Caption-style text data
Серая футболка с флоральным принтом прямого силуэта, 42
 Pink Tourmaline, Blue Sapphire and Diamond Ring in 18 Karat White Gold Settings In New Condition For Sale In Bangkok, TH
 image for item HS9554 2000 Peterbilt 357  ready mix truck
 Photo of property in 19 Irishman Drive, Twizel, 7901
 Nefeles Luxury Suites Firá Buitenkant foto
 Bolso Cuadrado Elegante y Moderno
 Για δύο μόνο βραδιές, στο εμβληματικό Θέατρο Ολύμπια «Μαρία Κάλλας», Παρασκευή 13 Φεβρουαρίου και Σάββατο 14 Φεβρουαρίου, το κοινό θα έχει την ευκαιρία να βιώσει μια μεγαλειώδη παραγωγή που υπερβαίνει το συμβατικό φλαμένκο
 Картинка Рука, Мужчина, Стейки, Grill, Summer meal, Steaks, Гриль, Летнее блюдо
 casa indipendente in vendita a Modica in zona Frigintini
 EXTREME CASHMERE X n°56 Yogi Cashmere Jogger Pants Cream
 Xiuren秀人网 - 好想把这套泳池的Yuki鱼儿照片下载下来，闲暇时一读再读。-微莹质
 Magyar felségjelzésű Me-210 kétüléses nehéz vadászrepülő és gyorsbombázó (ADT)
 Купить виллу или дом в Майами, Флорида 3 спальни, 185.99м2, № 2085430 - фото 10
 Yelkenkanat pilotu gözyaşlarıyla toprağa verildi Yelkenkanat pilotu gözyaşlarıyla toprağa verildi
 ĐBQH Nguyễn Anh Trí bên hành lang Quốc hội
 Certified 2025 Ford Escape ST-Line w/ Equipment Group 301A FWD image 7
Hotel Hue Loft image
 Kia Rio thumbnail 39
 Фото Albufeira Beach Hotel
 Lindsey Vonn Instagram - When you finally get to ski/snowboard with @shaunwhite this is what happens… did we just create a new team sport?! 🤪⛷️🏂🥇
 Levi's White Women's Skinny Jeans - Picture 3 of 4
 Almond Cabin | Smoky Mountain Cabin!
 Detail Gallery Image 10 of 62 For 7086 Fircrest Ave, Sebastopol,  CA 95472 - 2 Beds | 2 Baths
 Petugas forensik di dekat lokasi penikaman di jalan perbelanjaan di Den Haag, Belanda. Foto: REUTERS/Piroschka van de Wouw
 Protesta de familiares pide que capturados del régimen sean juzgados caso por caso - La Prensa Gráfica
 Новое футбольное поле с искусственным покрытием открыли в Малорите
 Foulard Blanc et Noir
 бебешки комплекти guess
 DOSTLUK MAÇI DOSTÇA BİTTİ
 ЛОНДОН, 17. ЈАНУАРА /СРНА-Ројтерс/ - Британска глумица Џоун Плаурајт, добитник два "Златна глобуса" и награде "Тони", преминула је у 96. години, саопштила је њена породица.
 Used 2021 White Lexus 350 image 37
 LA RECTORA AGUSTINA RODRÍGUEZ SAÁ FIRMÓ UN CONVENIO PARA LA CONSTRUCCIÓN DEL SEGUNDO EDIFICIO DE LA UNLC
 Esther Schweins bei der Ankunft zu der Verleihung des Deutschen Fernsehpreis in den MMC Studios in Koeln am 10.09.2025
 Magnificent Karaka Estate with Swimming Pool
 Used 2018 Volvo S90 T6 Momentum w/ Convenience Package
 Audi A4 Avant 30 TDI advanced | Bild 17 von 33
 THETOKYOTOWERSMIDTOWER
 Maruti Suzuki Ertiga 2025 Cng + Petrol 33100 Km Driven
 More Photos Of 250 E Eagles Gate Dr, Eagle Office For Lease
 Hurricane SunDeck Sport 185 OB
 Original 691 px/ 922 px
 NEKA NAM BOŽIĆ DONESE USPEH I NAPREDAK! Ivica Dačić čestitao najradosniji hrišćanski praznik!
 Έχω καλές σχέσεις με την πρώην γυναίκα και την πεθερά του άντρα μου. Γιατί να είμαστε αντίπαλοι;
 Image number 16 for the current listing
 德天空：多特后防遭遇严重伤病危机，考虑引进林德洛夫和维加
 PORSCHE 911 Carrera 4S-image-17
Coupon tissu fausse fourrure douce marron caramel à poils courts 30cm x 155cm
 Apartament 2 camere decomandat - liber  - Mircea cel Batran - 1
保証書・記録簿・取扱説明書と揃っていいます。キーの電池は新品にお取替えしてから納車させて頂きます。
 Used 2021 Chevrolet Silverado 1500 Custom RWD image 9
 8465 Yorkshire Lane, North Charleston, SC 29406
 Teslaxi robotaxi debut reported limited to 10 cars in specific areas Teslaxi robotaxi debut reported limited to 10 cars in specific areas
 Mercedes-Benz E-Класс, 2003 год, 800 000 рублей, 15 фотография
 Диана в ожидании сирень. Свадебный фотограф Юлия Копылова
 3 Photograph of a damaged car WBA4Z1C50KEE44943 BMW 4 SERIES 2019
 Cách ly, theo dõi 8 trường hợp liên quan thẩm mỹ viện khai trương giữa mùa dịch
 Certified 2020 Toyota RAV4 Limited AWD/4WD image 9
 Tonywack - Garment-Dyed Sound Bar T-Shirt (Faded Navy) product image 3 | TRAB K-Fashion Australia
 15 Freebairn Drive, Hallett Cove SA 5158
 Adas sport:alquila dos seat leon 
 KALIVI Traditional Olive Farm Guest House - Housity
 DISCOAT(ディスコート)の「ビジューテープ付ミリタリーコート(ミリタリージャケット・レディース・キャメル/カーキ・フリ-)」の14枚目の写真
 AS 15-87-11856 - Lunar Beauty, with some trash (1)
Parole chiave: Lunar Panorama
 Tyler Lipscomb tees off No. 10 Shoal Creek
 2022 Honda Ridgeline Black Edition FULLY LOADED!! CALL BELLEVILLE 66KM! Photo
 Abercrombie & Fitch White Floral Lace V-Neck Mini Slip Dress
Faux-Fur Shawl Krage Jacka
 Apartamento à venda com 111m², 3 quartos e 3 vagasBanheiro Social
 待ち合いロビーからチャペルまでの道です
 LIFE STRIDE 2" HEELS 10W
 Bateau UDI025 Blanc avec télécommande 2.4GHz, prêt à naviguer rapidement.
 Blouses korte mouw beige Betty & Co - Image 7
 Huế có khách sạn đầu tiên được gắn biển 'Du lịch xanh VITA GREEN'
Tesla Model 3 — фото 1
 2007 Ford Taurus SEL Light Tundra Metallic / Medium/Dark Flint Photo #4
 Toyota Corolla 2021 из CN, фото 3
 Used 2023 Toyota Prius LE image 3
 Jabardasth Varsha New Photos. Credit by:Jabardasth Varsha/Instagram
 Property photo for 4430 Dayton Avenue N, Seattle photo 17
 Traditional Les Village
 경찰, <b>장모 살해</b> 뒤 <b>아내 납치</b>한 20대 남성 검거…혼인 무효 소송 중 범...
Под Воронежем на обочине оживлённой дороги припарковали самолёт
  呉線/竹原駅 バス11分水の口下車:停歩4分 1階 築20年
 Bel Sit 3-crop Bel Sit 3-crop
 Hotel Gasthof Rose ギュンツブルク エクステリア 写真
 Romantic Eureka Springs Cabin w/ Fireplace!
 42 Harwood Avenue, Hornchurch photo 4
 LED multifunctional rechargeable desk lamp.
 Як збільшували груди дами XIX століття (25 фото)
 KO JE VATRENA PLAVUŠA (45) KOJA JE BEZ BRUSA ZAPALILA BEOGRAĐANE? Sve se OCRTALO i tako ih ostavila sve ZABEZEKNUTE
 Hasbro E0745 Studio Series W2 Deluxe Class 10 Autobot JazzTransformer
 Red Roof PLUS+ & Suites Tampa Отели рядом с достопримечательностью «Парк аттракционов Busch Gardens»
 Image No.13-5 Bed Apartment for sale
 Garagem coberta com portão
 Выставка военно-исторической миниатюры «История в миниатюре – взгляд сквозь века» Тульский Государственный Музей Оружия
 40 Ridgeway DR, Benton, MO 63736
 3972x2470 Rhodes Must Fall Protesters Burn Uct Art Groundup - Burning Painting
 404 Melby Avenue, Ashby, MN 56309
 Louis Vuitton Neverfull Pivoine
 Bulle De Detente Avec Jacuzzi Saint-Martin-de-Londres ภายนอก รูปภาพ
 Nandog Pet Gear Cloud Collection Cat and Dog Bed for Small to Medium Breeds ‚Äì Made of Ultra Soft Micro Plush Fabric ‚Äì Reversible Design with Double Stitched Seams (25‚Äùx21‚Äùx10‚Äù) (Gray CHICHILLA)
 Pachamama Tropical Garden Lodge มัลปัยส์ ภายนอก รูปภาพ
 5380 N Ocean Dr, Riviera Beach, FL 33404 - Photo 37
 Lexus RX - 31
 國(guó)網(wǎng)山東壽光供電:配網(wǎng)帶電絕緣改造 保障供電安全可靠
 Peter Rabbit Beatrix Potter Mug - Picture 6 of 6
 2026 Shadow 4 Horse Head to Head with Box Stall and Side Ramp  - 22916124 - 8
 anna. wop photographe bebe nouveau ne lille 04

**DIRECTIONS FOR THIS TASK:**
Your answer should consist solely of the lines above from the line with "Coupon tissu fausse" to the line with "Used 2021 Chevrolet", both included, reproduced exactly.

**SOLUTION TO THE EXERCISE:**
Coupon tissu fausse fourrure douce marron caramel à poils courts 30cm x 155cm
 Apartament 2 camere decomandat - liber  - Mircea cel Batran - 1
保証書・記録簿・取扱説明書と揃っていいます。キーの電池は新品にお取替えしてから納車させて頂きます。
 Used 2021 Chevrolet Silverado 1500 Custom RWD image 9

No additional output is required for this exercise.